Tuxtla Gutiérrez, Chis.- El lamentable deceso de Yasmin Alfaro, una joven mesera de 21 años, se suma a la creciente lista de víctimas mortales tras el violento ataque perpetrado en el bar Anubi’s Discoclub de Villaflores, Chiapas. Este acto, ocurrido el pasado 27 de diciembre, ha cobrado ya la vida de ocho personas.
El ataque, ejecutado en plena madrugada por individuos armados, dejó en shock a los habitantes de esta comunidad, conocida por su tranquilidad habitual y su enfoque en actividades agrícolas y ganaderas. Los agresores entraron disparando al local y prendieron fuego a las meseras, generando una escena de caos y horror.

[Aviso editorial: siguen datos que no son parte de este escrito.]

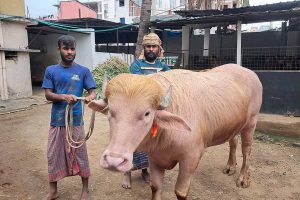 ‘ট্রাম্প’ ও ‘নেতানিয়াহু’কে নিয়ে ব্যাপক উন্মাদনা, ইদের বাংলাদেশে চর্চায় দুই মহিষ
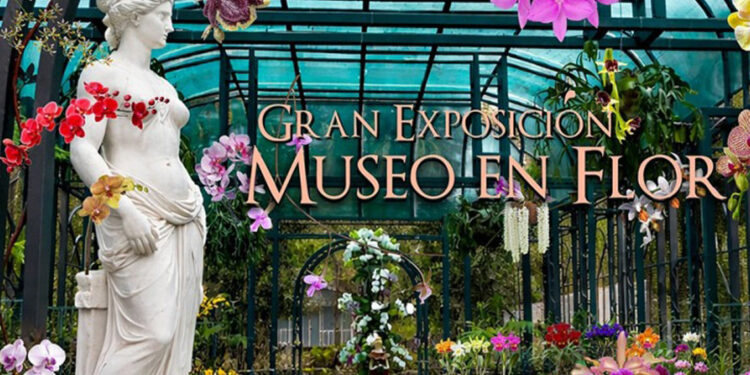 Feria de orquídeas transforma Jardín Botánico de Santiago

Yasmin, tras sufrir quemaduras en el 75% de su cuerpo, había sido internada en el hospital “Gilberto Gómez Maza” en la capital estatal. Su familia confirmó el fallecimiento a través de medios virtuales, solicitando ayuda económica para el traslado de sus restos al lugar de su sepultura en Villaflores.
Mientras tanto, dos compañeras meseras, que también resultaron gravemente heridas, permanecen bajo atención médica. Los recientes entierros de otras víctimas reflejan el impacto de esta tragedia en la comunidad, que permanece consternada.
El fiscal estatal sugirió que el asalto está vinculado a la rivalidad por el narcomenudeo entre cárteles del crimen organizado, específicamente el Cártel de Sinaloa y el Cártel Jalisco Nueva Generación, quienes pugnan por el control de la región Frailesca.